Game jokes
Why are Americans so bad at Clash? They already lost two towers.
The first time you have to do a full body workout in chess.
Why is America bad at Clash of Clans?
Because they already lost two towers.
Why are Mexicans good at Uno?
They always steal the green card.
Roblox jokes be like: hmmmmmmmmmmmmmmmm I should create a game.
*Creates game* bruh my game got to thousand hundred 700,000 likes!
😄😄😄
Once, asked if I played Scrabble, being dyslexic, I asked if it was the standard version or the deluxe dyslexic version.
Some rules of childhood cricket:
1. Whose bat, his batting.
2. Mother called to go while fielding. Then the turn will not be missed.
3. If the Umpire's decision is not acceptable, the decision of the Spectator, Front Uncle, or Neighbor Aunt shall be final.
My mom interrupted my gaming session to tell me to hang up the lights.
I hung something else instead.
Why did the rapper always carry a map?
So he could navigate his way through the rap game.
Where do you take someone who’s been injured in a peek-a-boo accident?
To the I.C.U.
According to all known laws of aviation, there is no way that Keagan's FIFA team should be this terrible, also the problem is that Keagan is a Real Madrid fan.
What is Osama bin Laden's favorite game?
Hide and seek.
Why is England's team unfair in chess?
Because 2 rooks = 10 and a queen = 9.
How ironic is this?! I was playing Jenga before the first plane hit the Twin Towers.

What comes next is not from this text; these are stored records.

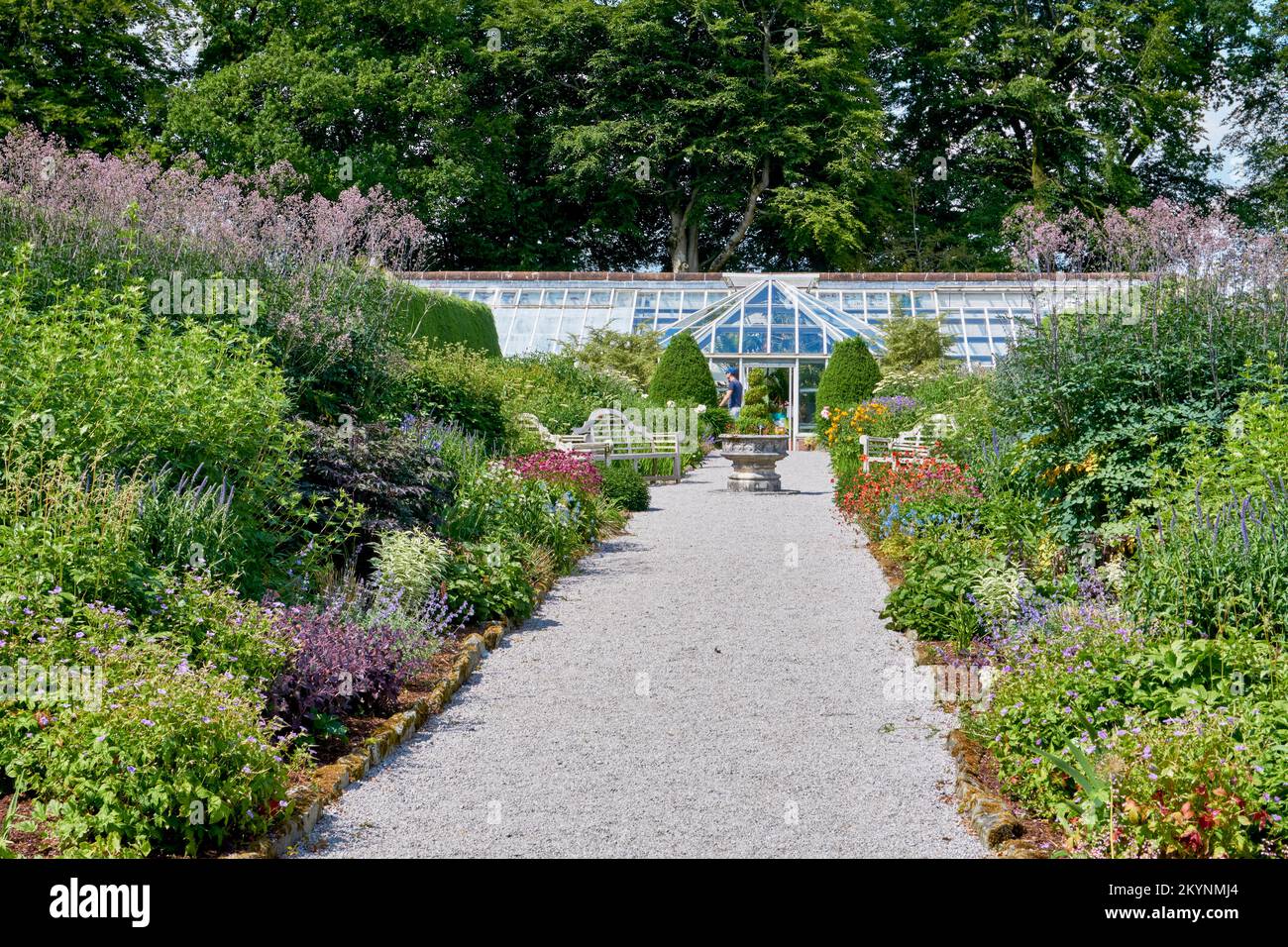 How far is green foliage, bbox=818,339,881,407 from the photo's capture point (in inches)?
823

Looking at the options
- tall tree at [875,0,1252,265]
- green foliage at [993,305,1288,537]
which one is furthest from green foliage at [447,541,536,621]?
tall tree at [875,0,1252,265]

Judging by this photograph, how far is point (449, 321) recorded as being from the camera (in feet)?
63.7

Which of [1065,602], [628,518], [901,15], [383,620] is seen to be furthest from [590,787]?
[901,15]

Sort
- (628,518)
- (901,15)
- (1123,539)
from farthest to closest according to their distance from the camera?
(901,15) < (628,518) < (1123,539)

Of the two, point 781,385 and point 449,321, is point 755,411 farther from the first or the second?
point 449,321

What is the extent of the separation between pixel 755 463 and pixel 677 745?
10.5m

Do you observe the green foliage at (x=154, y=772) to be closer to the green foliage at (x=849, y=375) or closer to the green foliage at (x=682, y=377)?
the green foliage at (x=682, y=377)

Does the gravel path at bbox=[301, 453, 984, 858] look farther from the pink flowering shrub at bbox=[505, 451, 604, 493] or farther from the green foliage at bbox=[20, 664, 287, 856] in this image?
the pink flowering shrub at bbox=[505, 451, 604, 493]

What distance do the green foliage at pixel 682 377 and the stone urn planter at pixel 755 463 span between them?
4.94 meters

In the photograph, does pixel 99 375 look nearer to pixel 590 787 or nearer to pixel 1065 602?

What does Mammot like on a woman’s body?
Bum bum bummmm buuummmmm bummm.
You're so bad at games, bro, they gave you AIDS before losing! 😹
A person with a wheelchair and a football, then they are Rocket League.
You are playing as Ukraine in Military Tycoon, and then someone kills you. You see who killed you in nuke revenge, and it says "Putinmoserfucer2342."
Why was Sonic fast?
To be rolling around at the speed of sound, got places to go, gotta follow my lead.
I asked my French mate if he had a games console. He said, "Oui!"